Magnus is silhouetted by the evening sun behind him as he pushes himself away from the window, bathed in ethereal light.

Magnus stalks toward the pentagram. Immediately, Jace and Clary have their weapons pulled, whilst Izzy’s whip is slow to slither down her wrist. Magnus notes the show of force with mild annoyance, and flicks his wrist. Thick, cast iron shackles appear around one of each of their ankles, with the heavy chain links attached to them disappearing impossibly beneath the concrete floor in a feat only possible with magic. Jace fights his bondage, but Magnus has kept them on a short leash. Alec notes with curiosity, that he hasn’t stripped them of their weapons. They can’t get at him, sure, but they could still be used as projectiles. He either is cocky enough to believe he could easily avoid such attacks, or he believes there is something or someone else that he feels they’ll need to defend themselves against.

Magnus prods the barrier surrounding the pentagram with an inquisitive finger, and then jumps back as it shocks him like an electric fence. He studies the engineering, and then zeroes in on the one of the four pillars. As he reaches out to touch it, Alec calls out to him.

“Please don’t. It’s the only thing keeping Asmodeous from escaping.”

Magnus fingers stop short of the pillar. “You’re trapped in there?” he says to his father, unfiltered glee plastered on his face, “I mean, I felt you get summoned and I thought that would be fun to watch but this…this is rather embarrassing for you.”

“Break the box, son” Asmodeous grits out through clenched teeth.

“You don’t have to do what he tells you, you know.” Alec says.

The smiles drops from Magnus’ face as he levels Alec a poisonous glare.
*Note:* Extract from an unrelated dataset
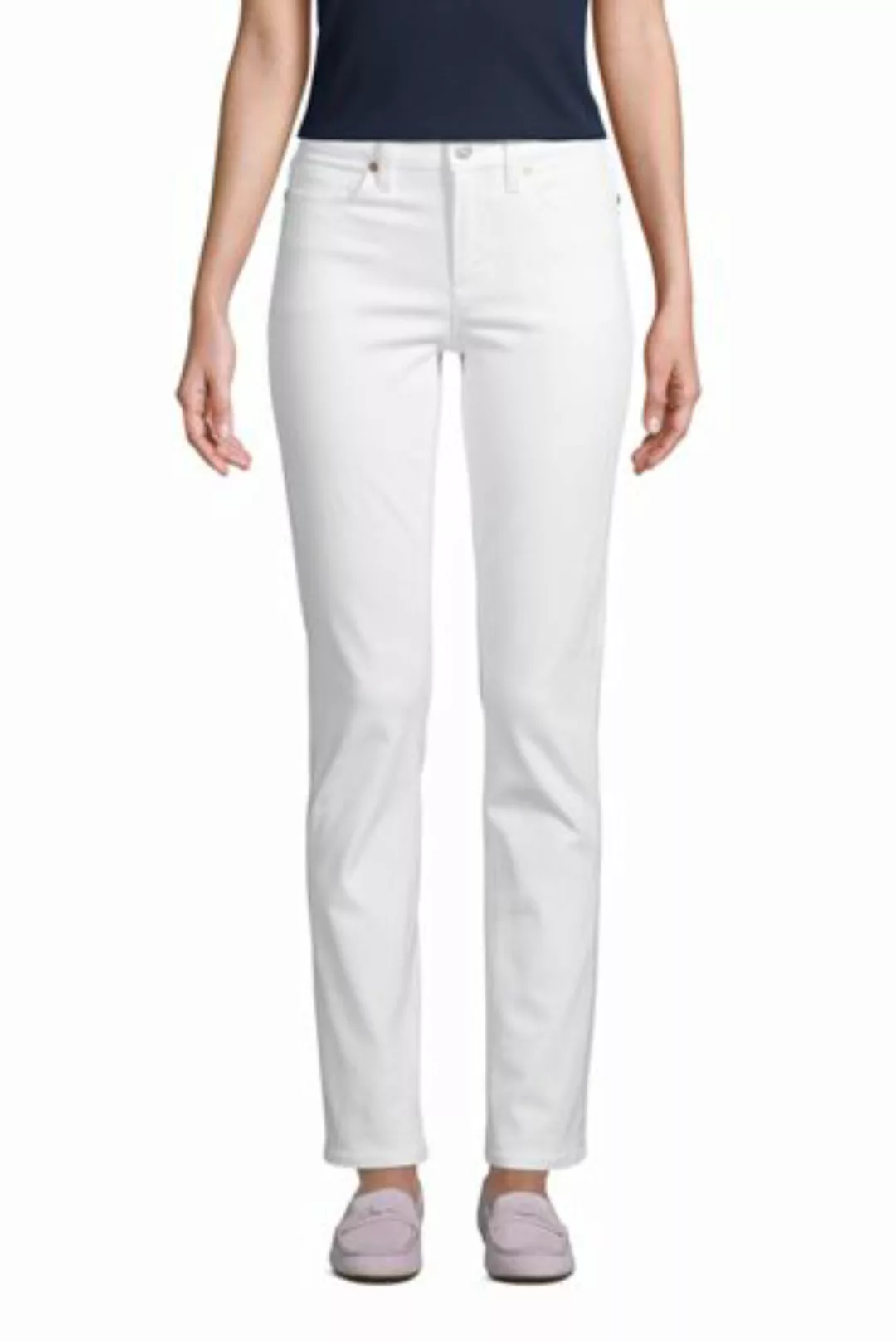 Straight Fit Öko Jeans Mid Waist in Petite-Größe, Damen, Größe: 38 28 Petit günstig online kaufen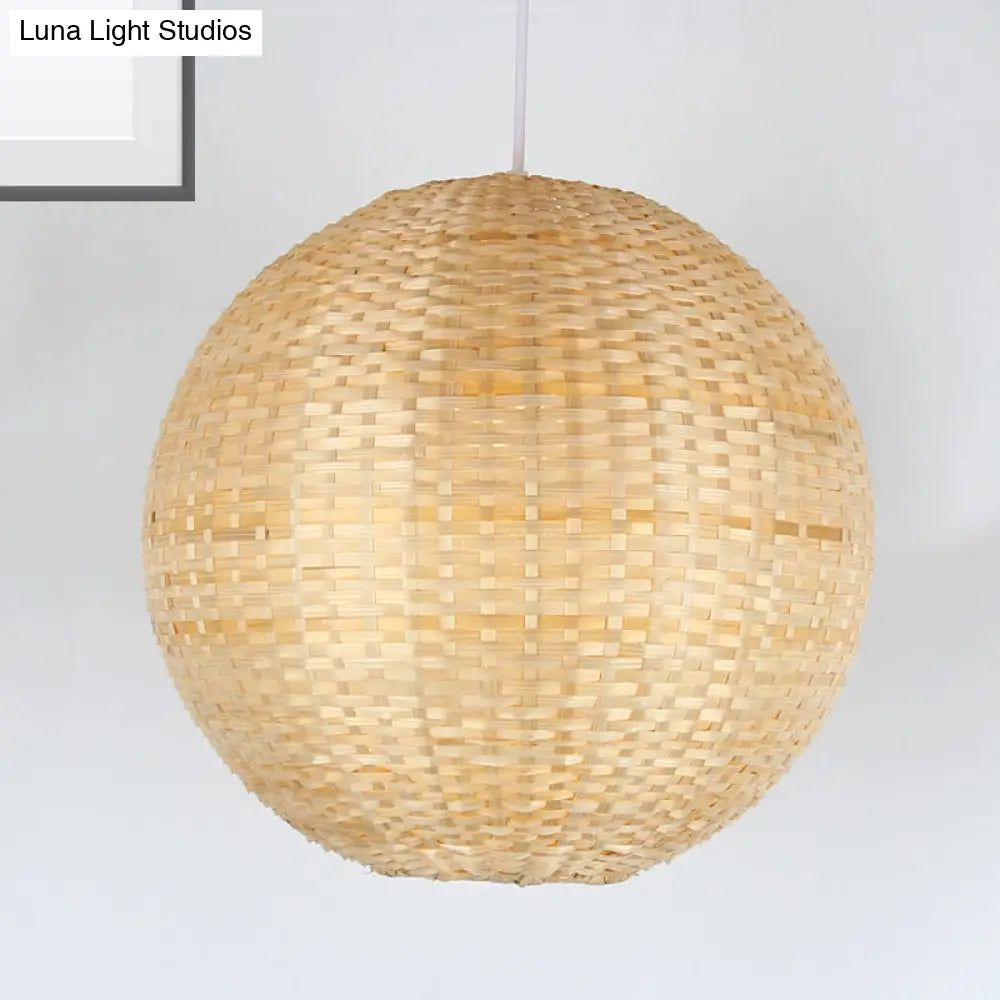 Sleek Bamboo Sphere Pendant Light Kit - 16’/19.5’ Wide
He moves toward him with slow and deliberate steps, never once breaking eye contact between them.

“I’m tired of your lies, Shadowhunter.” Magnus says, “You offered him your life in service of your delusions.”

“They aren’t delusions Magnus and you know it. The real you came back for a second, that’s why I’m here, because it means that he can undo what he did to you.”

“They must have someone to treat your affliction,” Asmodeous snarls dangerously, “No one is buying into your fantasy.”

“Magnus killed himself to avoid this future. I won’t let him live it any longer.” Alec hisses at the demon.

“Magnus, kill him and then let’s go.”

Black fire burns in Magnus’ gaze. The chains clank where the other pull on them repeatedly, but there is nothing they can do. Alec feels pain explode across his chest as he’s thrown ayond the room, Magnus in hot pursuit before he has even come to a stop.

Asmodeous jeers proudly as Magnus lands blow after blow of magic. It doesn’t burn like Asmodeous’ did that day, it feels more like hand to hand combat. The pain is concentrated where he can feel his rib popping in and out painfully as he gasps for breath under another deluge of magic. Izzy screams his name and the clanging gets louder and louder as Asmodeous laughs.

“Finish him!” The demon instructs.

Magnus takes a breath, leaning over Alec and pulling his seraph blade free from his hilt. It glows red in his hand. Magnus tosses the blade into Alec’s lap.

“Fight back.” He spits.

Alec struggles to sit up, feeling another rib begin to set sail. He fumbles for the blade on his legs. The resulting white light highlights the Magnus’ face, and Alec reads the rage and confusion like a book. Alec casts the sword aside.

“I won’t hurt you.”

Magnus unleashes another waves of magic. Alec drags his failing body backwards as best he can, all while Magnus repeatedly screams at him, “Fight back! Why won’t you fight back!”

“I won’t hurt you.” Alec repeats, though he’s unsure if he manages to say anything at all through the blood beginning to fill his mouth, “I won’t ever hurt you.”

Asmodeous continues to spur Magnus on. “Kill him! Burn him alive!”

“Just shut up!” Magnus whirls around, quick as lightening and twice as deadly, “Everyone just shut up!”

Magnus presses the heals of his hands to his forehead, squeezing his eyes shut.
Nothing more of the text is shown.